▸ Your assignment
Taking the listing below, restate word for word each line from the line with "Desa Babakan Jadi" to the line with "NH license plate 1012430", ends included, and stop there.

▸ Data provided
--- START ---

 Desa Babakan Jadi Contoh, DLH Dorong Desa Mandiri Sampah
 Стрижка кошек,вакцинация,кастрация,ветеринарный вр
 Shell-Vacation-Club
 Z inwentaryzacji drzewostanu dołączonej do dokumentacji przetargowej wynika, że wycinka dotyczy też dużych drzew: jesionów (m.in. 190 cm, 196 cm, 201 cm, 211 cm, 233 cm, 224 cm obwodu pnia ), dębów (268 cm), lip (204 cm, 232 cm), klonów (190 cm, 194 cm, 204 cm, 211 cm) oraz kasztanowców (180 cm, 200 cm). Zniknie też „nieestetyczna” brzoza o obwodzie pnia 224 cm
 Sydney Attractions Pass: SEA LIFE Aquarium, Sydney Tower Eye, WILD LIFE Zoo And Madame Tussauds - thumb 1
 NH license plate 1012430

--- END ---
--- START ---

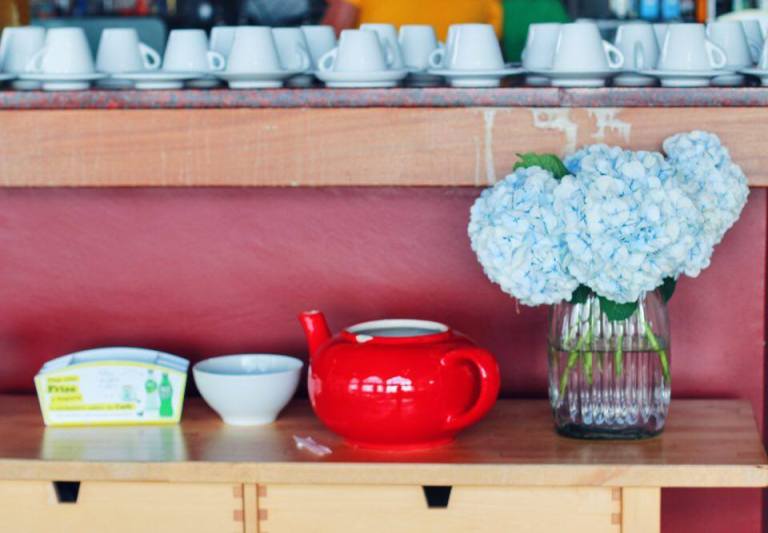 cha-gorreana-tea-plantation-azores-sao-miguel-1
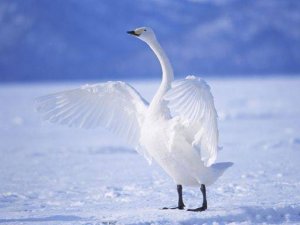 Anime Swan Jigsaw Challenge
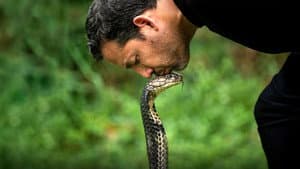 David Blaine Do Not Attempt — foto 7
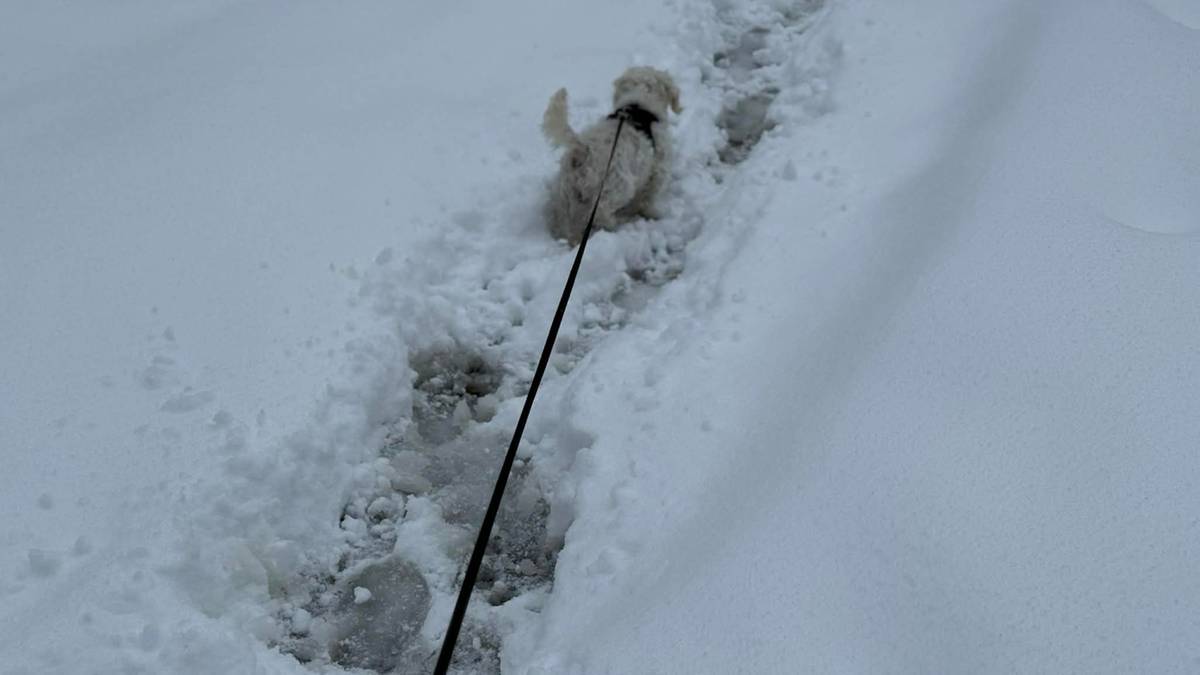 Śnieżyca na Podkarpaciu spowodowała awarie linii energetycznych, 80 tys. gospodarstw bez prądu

--- END ---

▸ Output below
 Desa Babakan Jadi Contoh, DLH Dorong Desa Mandiri Sampah
 Стрижка кошек,вакцинация,кастрация,ветеринарный вр
 Shell-Vacation-Club
 Z inwentaryzacji drzewostanu dołączonej do dokumentacji przetargowej wynika, że wycinka dotyczy też dużych drzew: jesionów (m.in. 190 cm, 196 cm, 201 cm, 211 cm, 233 cm, 224 cm obwodu pnia ), dębów (268 cm), lip (204 cm, 232 cm), klonów (190 cm, 194 cm, 204 cm, 211 cm) oraz kasztanowców (180 cm, 200 cm). Zniknie też „nieestetyczna” brzoza o obwodzie pnia 224 cm
 Sydney Attractions Pass: SEA LIFE Aquarium, Sydney Tower Eye, WILD LIFE Zoo And Madame Tussauds - thumb 1
 NH license plate 1012430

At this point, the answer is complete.